Sol yanım...

17 Temmuz 2013 Çarşamba

SİYASAL KATILIM


SİYASAL KATILIM

Geçtiğimiz hafta Gazete Çeşme Güneşi’ndeki makalemde Türkiye’deki “feodal demokrasi” sorunundan bahsetmiştim. Bu hafta ise demokrasi sorununun yarattığı siyasal katılım probleminden bahsedeceğim. Osmanlı’dan miras kalan feodal/vesayetçi demokrasi kültürü mevcut siyasi yapımızı bir türlü terk edemedi. Siyasal katılımı kısır eden bu kültür, parti içi demokrasiyi de sağlayamadığı için zamanla oligarşik örgütlenmelere sebep olmaktadır. İşte en tipik örneği mevcut iktidar…

Aslında siyasal katılım sorunu ülkemizdeki en temel sorunlardan biri. Başta %10 seçim barajı problem olmakla birlikte aslında sadece barajın kalkması da bu sorunun ortadan kalkmasına yetmeyecek. Ülke genelinde siyasal katılım, geniş kitleler tarafından sadece oy verme eylemiyle eşdeğer tutuluyor. Bu durumun belli başlı nedenleri var. Öncelikle parti içi demokrasinin tam olarak oturmadığı durumlarda ortaya çıkan oligarşik yapı aynı zamanda şiddetli bir siyasal tekelleşmeyi de peşinden getiriyor. Parti içi egemen, kemikleşmiş kadrolar etrafında bir kısır döngü içerisinde süre gelen siyasi yapı ise gün geçtikçe yeni, dinamik ve genç insanların siyasetten uzaklaşmasına neden oluyor.
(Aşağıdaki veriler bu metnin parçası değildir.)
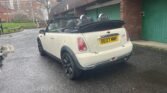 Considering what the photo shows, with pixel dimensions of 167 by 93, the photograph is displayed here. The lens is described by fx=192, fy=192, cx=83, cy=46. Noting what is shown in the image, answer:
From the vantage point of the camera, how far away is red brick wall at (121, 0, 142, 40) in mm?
8922

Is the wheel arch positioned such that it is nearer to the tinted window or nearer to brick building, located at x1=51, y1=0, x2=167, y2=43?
the tinted window

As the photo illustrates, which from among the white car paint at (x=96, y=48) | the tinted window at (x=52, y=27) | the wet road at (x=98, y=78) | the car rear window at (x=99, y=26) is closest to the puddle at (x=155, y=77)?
the wet road at (x=98, y=78)

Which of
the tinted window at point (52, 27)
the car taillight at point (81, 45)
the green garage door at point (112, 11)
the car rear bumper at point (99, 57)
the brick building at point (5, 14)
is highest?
the brick building at point (5, 14)

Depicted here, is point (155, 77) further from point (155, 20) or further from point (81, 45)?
point (155, 20)

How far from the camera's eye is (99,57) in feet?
14.7

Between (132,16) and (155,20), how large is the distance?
110 cm

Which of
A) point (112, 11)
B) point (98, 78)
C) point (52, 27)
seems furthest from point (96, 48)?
point (112, 11)

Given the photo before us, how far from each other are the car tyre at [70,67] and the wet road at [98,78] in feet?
0.48

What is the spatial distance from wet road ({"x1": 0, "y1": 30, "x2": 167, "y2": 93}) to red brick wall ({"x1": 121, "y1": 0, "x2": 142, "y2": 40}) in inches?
110

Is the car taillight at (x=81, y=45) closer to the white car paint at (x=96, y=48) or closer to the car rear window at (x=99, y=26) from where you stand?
the white car paint at (x=96, y=48)

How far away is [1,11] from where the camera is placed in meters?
50.0

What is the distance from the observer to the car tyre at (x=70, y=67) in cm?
464

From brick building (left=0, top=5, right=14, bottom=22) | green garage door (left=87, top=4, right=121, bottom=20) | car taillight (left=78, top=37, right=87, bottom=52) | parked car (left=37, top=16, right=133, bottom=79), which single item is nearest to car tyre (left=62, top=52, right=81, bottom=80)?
parked car (left=37, top=16, right=133, bottom=79)

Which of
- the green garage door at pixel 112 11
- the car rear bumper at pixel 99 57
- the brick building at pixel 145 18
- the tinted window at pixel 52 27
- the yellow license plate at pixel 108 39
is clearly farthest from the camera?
the green garage door at pixel 112 11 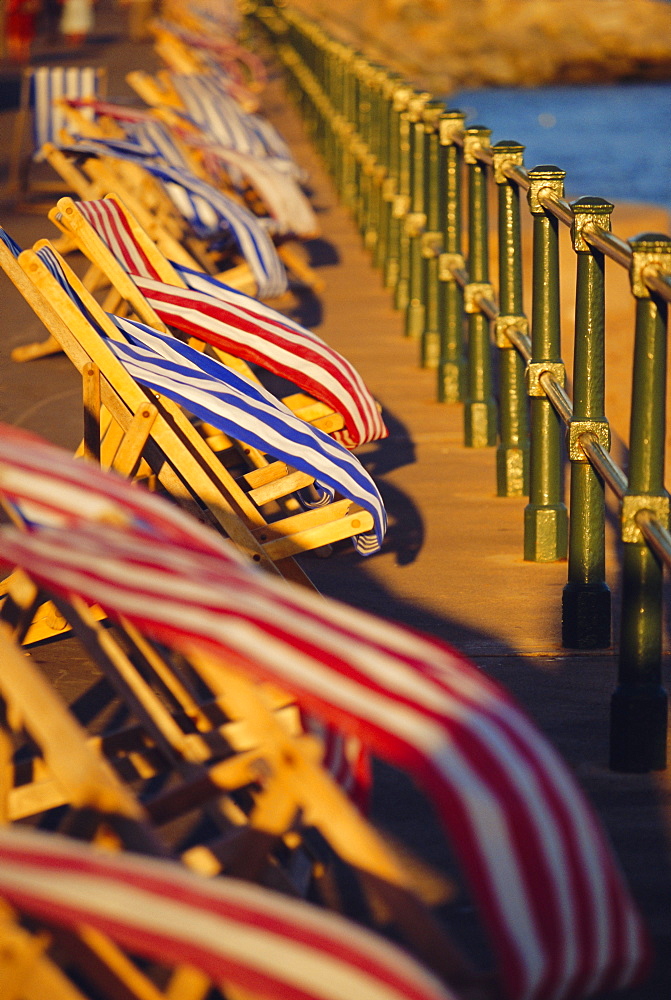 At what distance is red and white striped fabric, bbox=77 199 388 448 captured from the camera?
4.64m

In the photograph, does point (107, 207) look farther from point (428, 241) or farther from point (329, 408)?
point (428, 241)

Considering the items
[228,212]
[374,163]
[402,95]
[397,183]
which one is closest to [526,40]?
[374,163]

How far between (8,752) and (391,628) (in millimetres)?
758

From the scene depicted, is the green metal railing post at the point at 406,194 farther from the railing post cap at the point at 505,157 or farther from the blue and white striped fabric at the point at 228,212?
the railing post cap at the point at 505,157

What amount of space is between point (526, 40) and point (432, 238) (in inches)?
2482

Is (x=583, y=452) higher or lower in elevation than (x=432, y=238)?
higher

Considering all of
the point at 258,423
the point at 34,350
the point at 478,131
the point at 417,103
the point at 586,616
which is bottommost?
the point at 34,350

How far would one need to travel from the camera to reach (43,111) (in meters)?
11.4

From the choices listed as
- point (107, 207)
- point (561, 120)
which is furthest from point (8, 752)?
point (561, 120)

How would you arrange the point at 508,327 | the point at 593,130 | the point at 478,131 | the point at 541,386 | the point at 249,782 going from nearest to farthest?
the point at 249,782, the point at 541,386, the point at 508,327, the point at 478,131, the point at 593,130

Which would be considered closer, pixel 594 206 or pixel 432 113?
pixel 594 206

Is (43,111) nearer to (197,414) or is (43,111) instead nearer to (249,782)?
(197,414)

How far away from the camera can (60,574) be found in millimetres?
1934

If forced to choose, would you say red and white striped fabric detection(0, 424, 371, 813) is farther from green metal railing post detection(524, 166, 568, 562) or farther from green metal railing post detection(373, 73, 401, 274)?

Aynı zamanda siyasetin pahalı bir uğraş olması, propaganda araç ve yöntemlerinin sınırlandırılmaması, seçimlere katılımda ayrı bir engel teşkil etmektedir. Bu arada yeri gelmişken seçim propaganda dönemlerindeki harcamalar neden denetlenmemekte ve kısıtlanmamaktadır?  Getirilecek bir broşür kısıtlamasının bile sağlayacağı faydayı tahmin edebiliyorsunuzdur. Çevreye katkısı da cabası!

Siyasal katılım sorununun nedenlerine devam edecek olursak yaş sınırlaması, öğrencilere, devlet memurlarına, öğretim görevlilerine getirilen kısıtlamaları da eklemeden geçemeyeceğim. Sırf bu kısıtlamadan ötürü üniversitede siyasal çizgisine hayran olduğumuz nice hocamızı ancak emekli olduktan sonra siyasette görebiliyoruz. Bu bir kayıp değil mi sizce?

Siyasal tekelleşmeyi azımsamamak lazım. Bakınız doğudaki Kürt sorunu neredeyse 30 yıldır aynı isimlerin önderliğinde tartışılmaktadır. Belki de bu çözümsüzlüğün, kısır döngünün de temel nedenlerinden biri budur. Siyasal katılımın kısıtlılığı zamanla tekelleşme, yabancılaşma, yoksullaşma ve korku ortamı yaratmaktadır. İşte bu feodal demokrasi anlayışından beslenen sistem devletin tüm kurumlarına işleyince bu sefer halka kuşkuyla bakan, tam olarak güven duymayan otoriter ve merkezci bir yapıya dönüşmektedir.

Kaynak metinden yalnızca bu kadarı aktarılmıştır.